Background: Body Mass Index (BMI), like most human phenotypes, is substantially heritable. However, BMI is not normally distributed; the skew appears to be structural, and increases as a function of age. Moreover, twin correlations for BMI commonly violate the assumptions of the most common variety of the classical twin model, with the MZ twin correlation greater than twice the DZ correlation. This study aimed to decompose twin correlations for BMI using more general skew-t distributions.
Methods: Same sex MZ and DZ twin pairs (N = 7,086) from the community-based Washington State Twin Registry were included. We used latent profile analysis (LPA) to decompose twin correlations for BMI into multiple mixture distributions. LPA was performed using the default normal mixture distribution and the skew-t mixture distribution.
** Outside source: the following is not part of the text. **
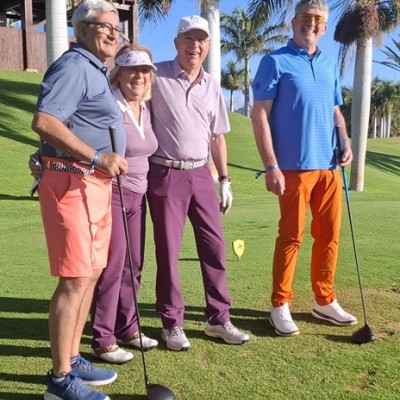 Mai 2026 : Golf à la Grande Canarie-
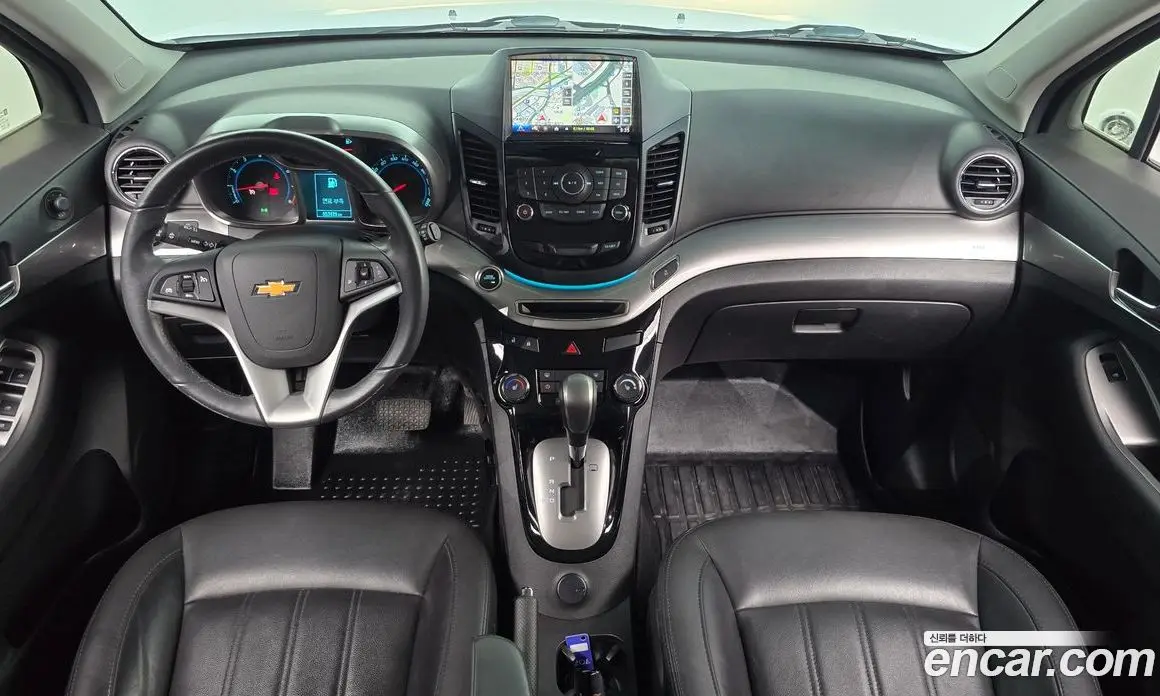 Chevrolet Orlando 2015 2.0 автомат (гидро), фото 9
Similar analyses were performed for height as a comparison. Our analyses are then replicated in an independent dataset.
Results: A two-class solution under the skew-t mixture distribution fits the BMI distribution for both genders. The first class consists of a relatively normally distributed, highly heritable BMI with a mean in the normal range. The second class is a positively skewed BMI in the overweight and obese range, with lower twin correlations. In contrast, height is normally distributed, highly heritable, and is well-fit by a single latent class. Results in the replication dataset were highly similar.
Conclusions: Our findings suggest that two distinct processes underlie the skew of the BMI distribution. The contrast between height and weight is in accord with subjective psychological experience: both are under obvious genetic influence, but BMI is also subject to behavioral control, whereas height is not.